All Products
Search
Document Center

DataWorks:Node development

Last Updated:Apr 22, 2025

The Data Studio service of DataWorks allows you to create various types of nodes, such as data synchronization nodes, nodes of compute engine types for data cleansing, and general nodes for complex logic processing, to meet your different data processing requirements. Nodes of compute engine types include MaxCompute SQL, Hologres SQL, and E-MapReduce (EMR) Hive nodes. General nodes include zero load nodes and do-while nodes. Nodes of different types work together to effectively address various data processing challenges.

Supported node types

The following table describes the node types supported in periodic scheduling. The node types supported by manually triggered tasks or workflows may differ. You can view the supported node types in the DataWorks console.

Note

Supported node types vary based on the DataWorks edition and region in which DataWorks resides.
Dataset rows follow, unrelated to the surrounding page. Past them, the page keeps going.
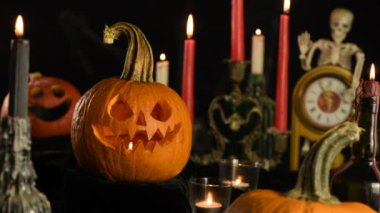 Cadılar Bayramı. Masada yanan mumlar arasında parlayan balkabağı Jack o fener, yatay, yavaş çekim video, sağdan sola hareket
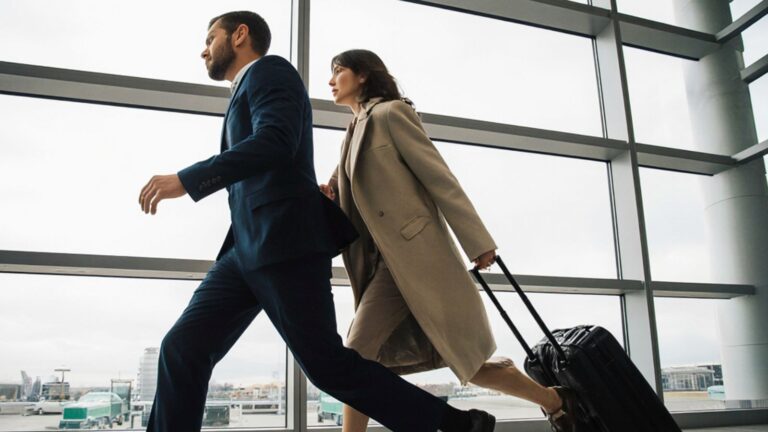 A picture of a couple in business attire in the airport.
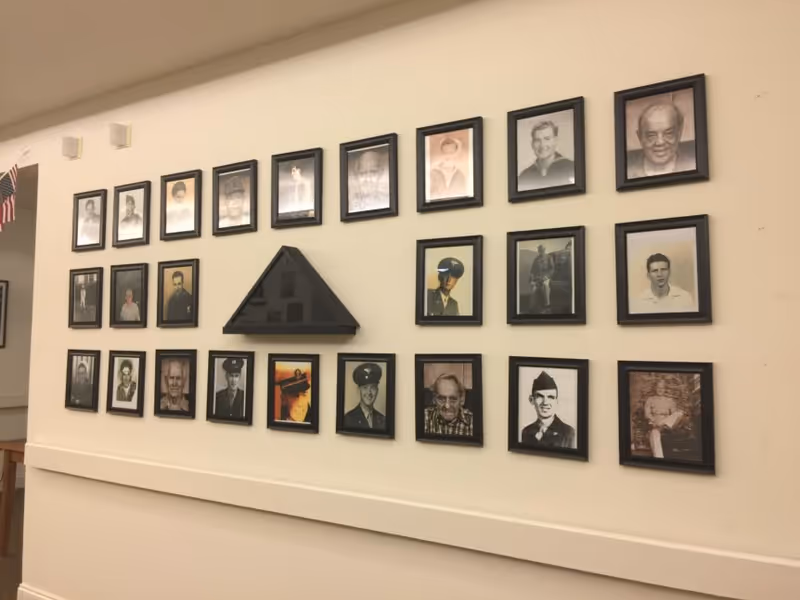 A beige wall with a collection of framed black and white and color photographs of various people, some in military uniforms, arranged in three rows. In the center of the middle row is a folded American flag in a triangular display case. An American flag is partially visible on the left side of the image.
You can view the supported node types in the DataWorks console.

Node type

Node name

Description

Node code

Task type (specified by TaskType)

Notebook

Notebook

This type of node provides an interactive and flexible data processing and analysis platform. This improves intuition, modularity, and interactivity, and helps you perform data processing, exploration, visualization, and model building in a more efficient and convenient manner.

1323

NOTEBOOK

Data Integration

Batch Synchronization

This type of node is used to periodically synchronize offline data and to synchronize data between heterogeneous data sources in complex scenarios.

For information about the data source types that support batch synchronization, see Supported data source types and synchronization operations.

23

DI2

Real-time Synchronization

This type of node allows you to synchronize data changes in a source table or database to a destination table or database in real time to ensure data consistency at the source and destination.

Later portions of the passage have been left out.